▶ **Given records**

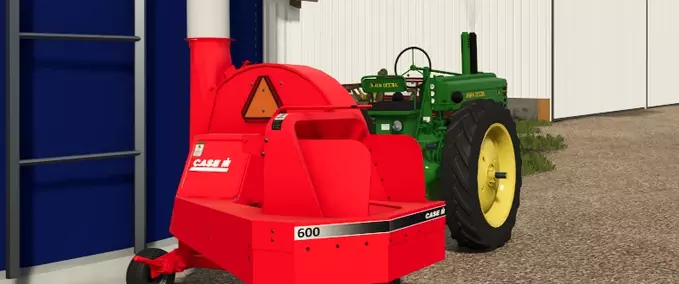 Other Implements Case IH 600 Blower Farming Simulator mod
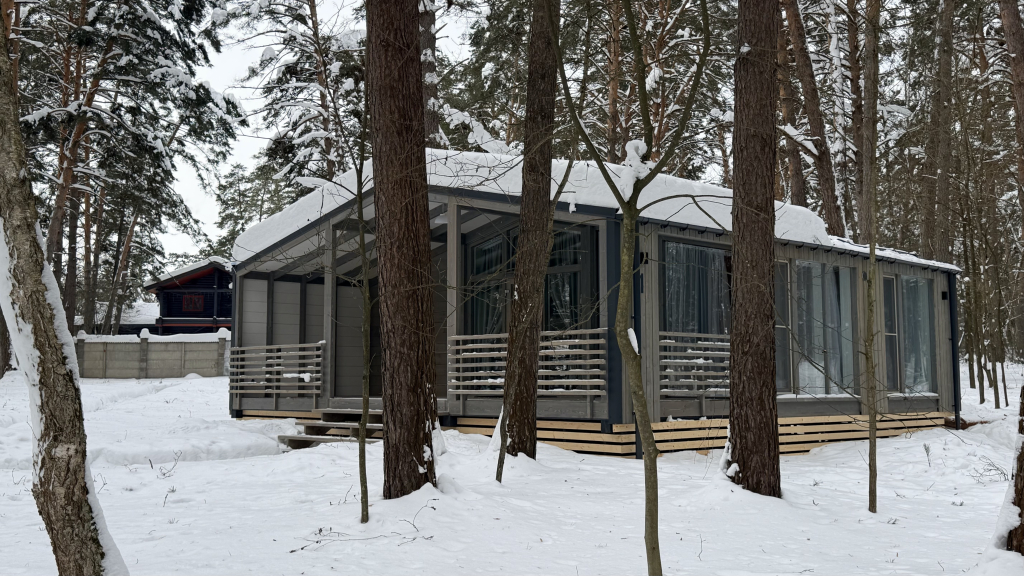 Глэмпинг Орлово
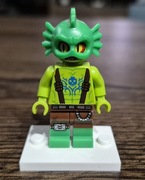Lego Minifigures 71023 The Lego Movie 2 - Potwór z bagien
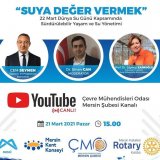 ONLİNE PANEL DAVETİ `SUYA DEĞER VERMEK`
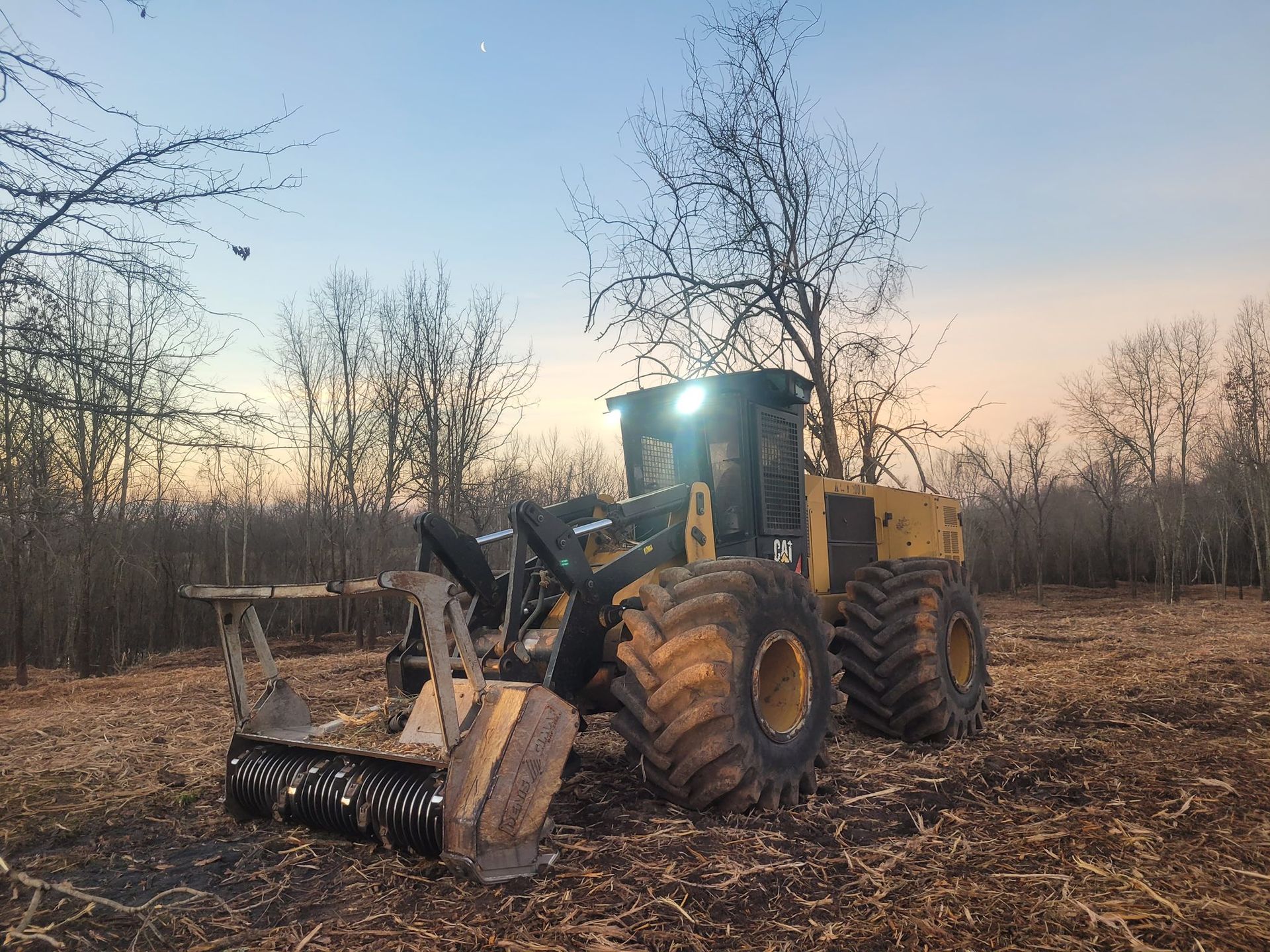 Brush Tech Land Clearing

▶ **Task instructions**
Retype, without any picture, exactly the lines from the one with "ONLİNE PANEL DAVETİ" through the end of the entries, inclusive.

▶ **Solution for this task**
 ONLİNE PANEL DAVETİ `SUYA DEĞER VERMEK`
 Brush Tech Land Clearing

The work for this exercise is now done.